Area Seniors Fight For Homeowner's Association Rights

Article Courtesy The Manchester Times

By Bill McLaughlin

Published May 29, 2007

A delegation of about 100 Manchester, Berkeley and Brick seniors traveled to Trenton on Monday to be heard on the topic of multi-family association home rule.

The site was the New Jersey Museum and the symposium, titled "Homeowner Associations: Problems and Solutions," was sponsored by the law schools of Seton Hall and Rutgers University, Newark and Camden campuses.

State Senator Ronald L. Rice (D-Essex), who is sponsoring legislation that would allow the formation of a special office of ombudsman to oversee all common interest homesteads, and State Senator Robert Martin (R-Morris) presented opposing viewpoints in brief remarks to a crowd of about 150 spectators.

"This was an important day for anyone interested in this bill," said Jim Doran, president of the Manchester Coordinating Council, which sponsored a bus trip for many who oppose the bill. "We showed up in numbers and let the people who matter know where we stand."

Doran was referencing a panel of experts on homeowner association legislation who were stunned by the reply when they asked the crowd whether they were for or against the ombudsman.

"I think they were surprised at the response," Doran said. "The deck was stacked against us but we never back down. This is a fight we're in to win."

Another panel was comprised of a dozen members in favor of legislation, all of whom spoke of personal problems with their associations.

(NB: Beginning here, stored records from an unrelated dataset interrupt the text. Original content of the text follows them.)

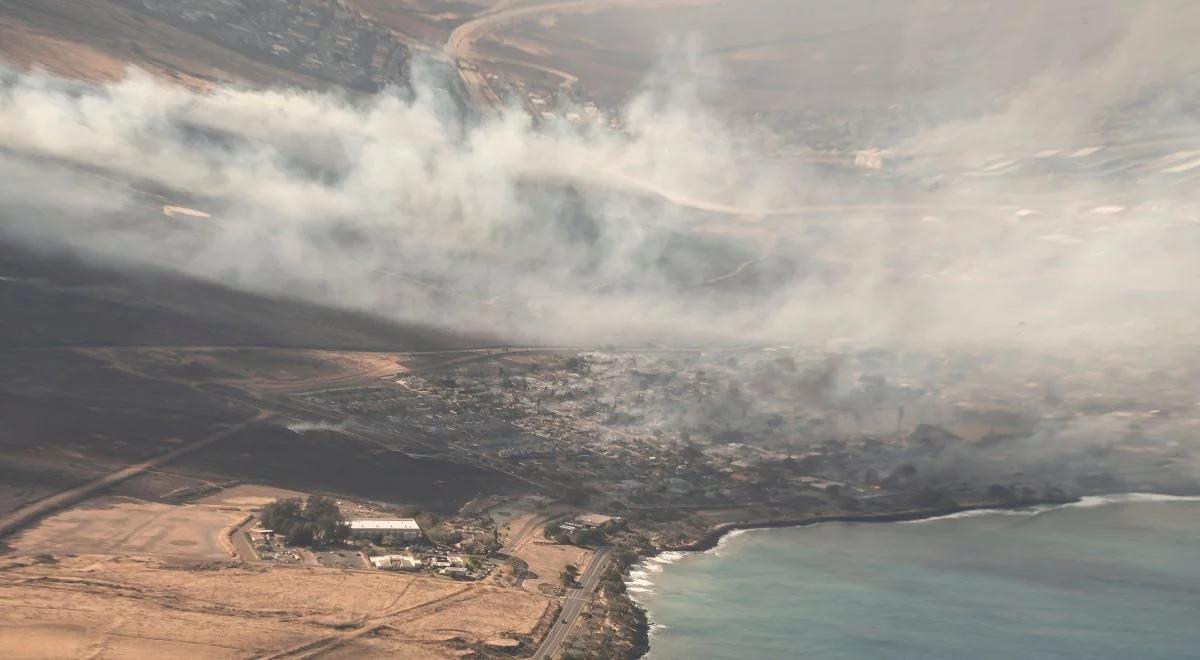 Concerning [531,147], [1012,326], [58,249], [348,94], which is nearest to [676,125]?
[531,147]

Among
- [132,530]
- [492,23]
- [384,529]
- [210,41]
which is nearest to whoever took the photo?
[132,530]

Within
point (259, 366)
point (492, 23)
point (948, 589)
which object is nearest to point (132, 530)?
point (259, 366)

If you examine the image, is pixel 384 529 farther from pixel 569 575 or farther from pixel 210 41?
pixel 210 41

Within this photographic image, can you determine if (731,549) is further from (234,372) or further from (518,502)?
(234,372)

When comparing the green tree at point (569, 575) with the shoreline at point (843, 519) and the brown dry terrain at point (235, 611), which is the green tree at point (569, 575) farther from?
the shoreline at point (843, 519)

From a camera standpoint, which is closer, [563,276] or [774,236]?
[563,276]

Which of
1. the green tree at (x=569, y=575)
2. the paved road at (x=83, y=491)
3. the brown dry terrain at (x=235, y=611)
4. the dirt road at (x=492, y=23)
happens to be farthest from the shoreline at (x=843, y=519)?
the dirt road at (x=492, y=23) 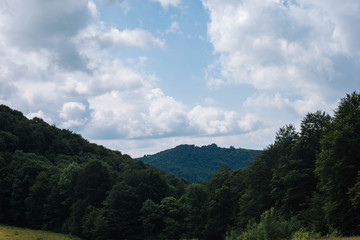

All eventually required legal intervention to resolve.

Manchester resident Fred Lund, who has fought this legislation as long as anyone in New Jersey, found vindication when Senator Martin said, "I'm a lawyer and I don't understand everything in this law."

Lund has addressed state Senate and Assembly committees in the past, saying exactly that to deaf ears on both sides of the State House.

Lund read a short statement that asked the powerbrokers to take their time writing this legislation in a clear, concise manner. Lund is opposed to any legislation limited in scope to common interest developments as discriminatory.

Members of the Greenbriar senior enclave in Brick asked legislative panelists to separate condominium associations from homeowners associations in any legislation, enumerating a number of differences between the two.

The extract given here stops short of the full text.